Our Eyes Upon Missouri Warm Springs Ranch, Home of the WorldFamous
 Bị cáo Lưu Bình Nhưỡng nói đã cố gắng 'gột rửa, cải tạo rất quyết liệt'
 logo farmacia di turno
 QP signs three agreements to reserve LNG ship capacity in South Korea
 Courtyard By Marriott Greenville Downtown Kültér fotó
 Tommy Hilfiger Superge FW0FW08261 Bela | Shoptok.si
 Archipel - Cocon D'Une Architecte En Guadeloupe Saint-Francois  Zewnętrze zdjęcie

- _PROBLEM TO WORK ON_
The listing above has to be repeated exactly, down to the last line.

- _COMPLETED EXERCISE_
Our Eyes Upon Missouri Warm Springs Ranch, Home of the WorldFamous
 Bị cáo Lưu Bình Nhưỡng nói đã cố gắng 'gột rửa, cải tạo rất quyết liệt'
 logo farmacia di turno
 QP signs three agreements to reserve LNG ship capacity in South Korea
 Courtyard By Marriott Greenville Downtown Kültér fotó
 Tommy Hilfiger Superge FW0FW08261 Bela | Shoptok.si
 Archipel - Cocon D'Une Architecte En Guadeloupe Saint-Francois  Zewnętrze zdjęcie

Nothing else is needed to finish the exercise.